Le jugement tombe en premier. Et nous sommes tous coupables de péchés. Et le seul moyen d’effacer cette culpabilité, c’est de nous en repentir – d’implorer Dieu de nous pardonner et de nous engager à changer nos voies. Quand nous nous en repentons sincèrement, la miséricorde divine (le pardon que nous ne méritons pas) triomphe du jugement divin (du châtiment que nous méritons). Il n’y a pas de péché bénin qui ne nous sépare pas de Dieu, et il n’y a pas de péché si énorme que Dieu ne puisse pardonner.

Il n’y a pas de péché si grave dont Dieu ne puisse vous purifier.

Un repentir sincère et le baptême sont les éléments clés dans ce processus consistant à nous faire pardonner grâce au sang versé par Christ (Actes 2:38). Pour en savoir plus sur ce sujet, lire notre article Comment obtenir le pardon de nos fautes ? et les articles connexes.

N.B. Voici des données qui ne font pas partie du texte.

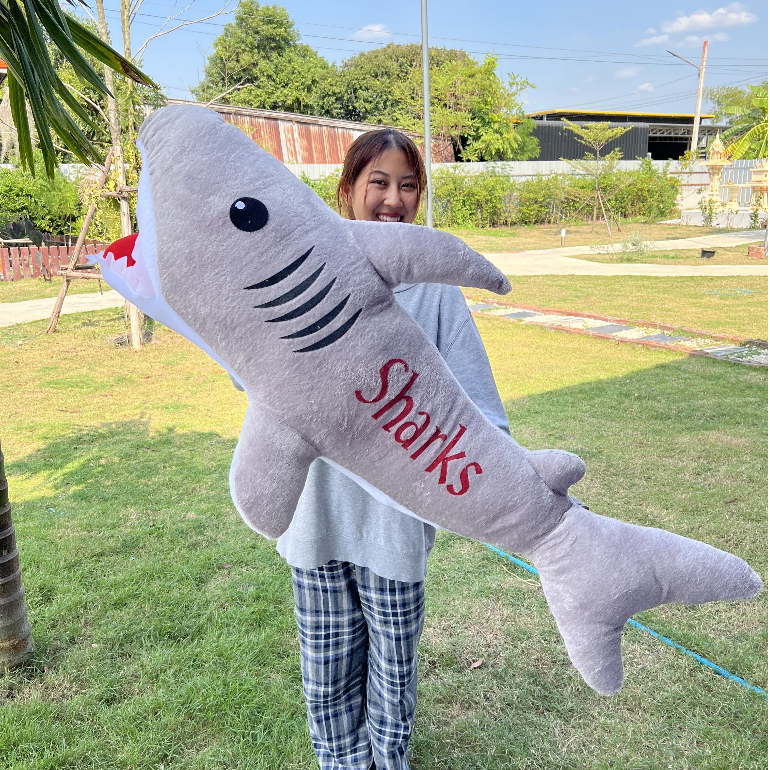 ตุ๊กตาปลาฉลาม ขนนุ่ม ตัวใหญ่ประมาณ 120 ซม มี 4 สีให้เลือก รับประกันความนุ่ม - รูปที่ 5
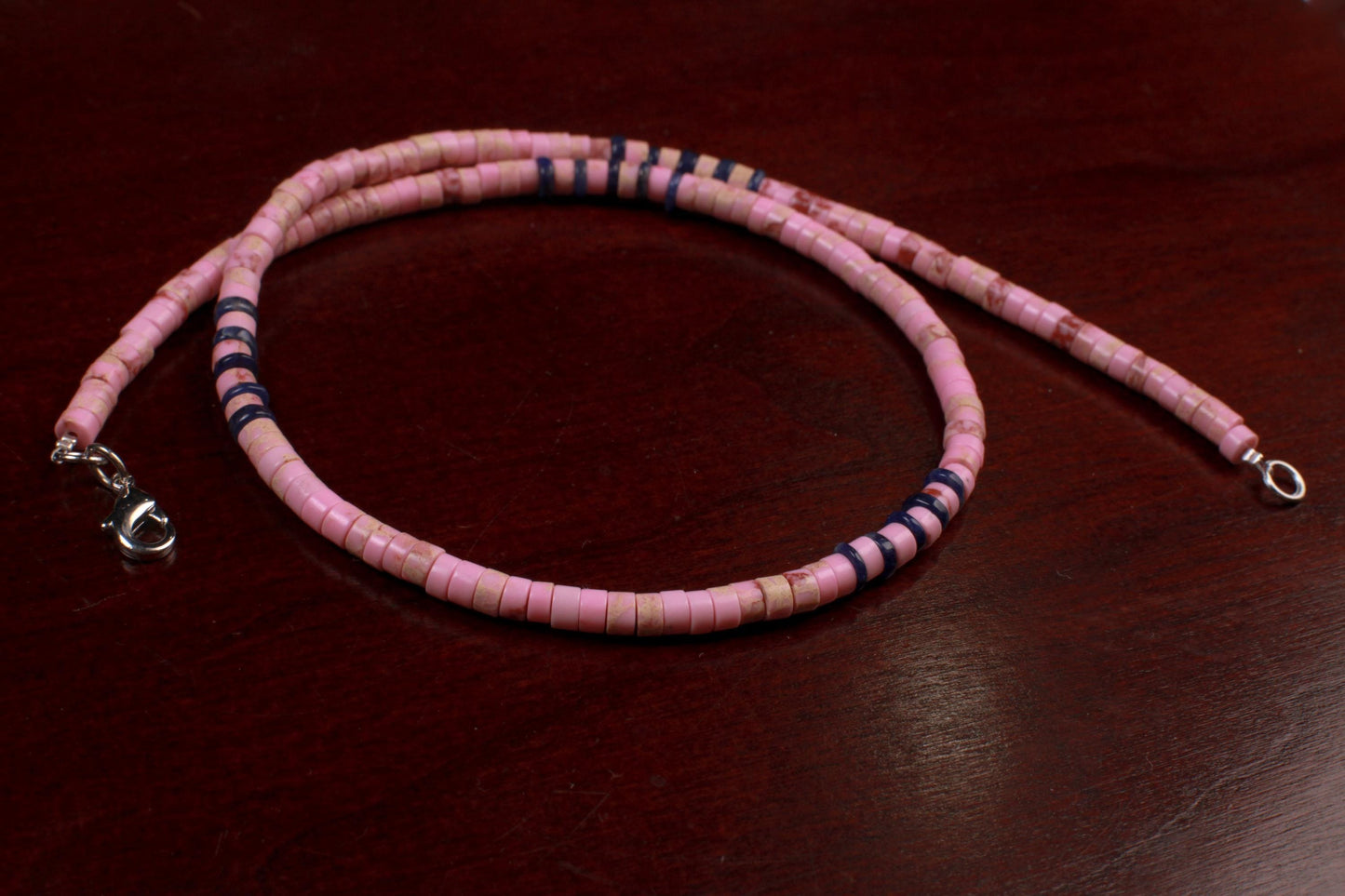 Baby Pink Impression Jasper heishi with Lapis Lazuli heishi Spacer blush pink Silver summer Necklace,for Man and Woman.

Grâce à ce pardon, vous n’avez plus besoin de vivre comme vous le faisiez auparavant. Cela ne veut pas dire que vous oublierez votre passé et qu’il ne vous fera plus jamais souffrir, mais ce que vous avez fait ne sera plus un fardeau que Dieu s’attend à ce que vous continuiez à porter en faisant acte de pénitence. L’amende de vos péchés – de tous vos péchés – aura été payée. La voie vous sera ouverte et Dieu vous accueillera les bras ouverts.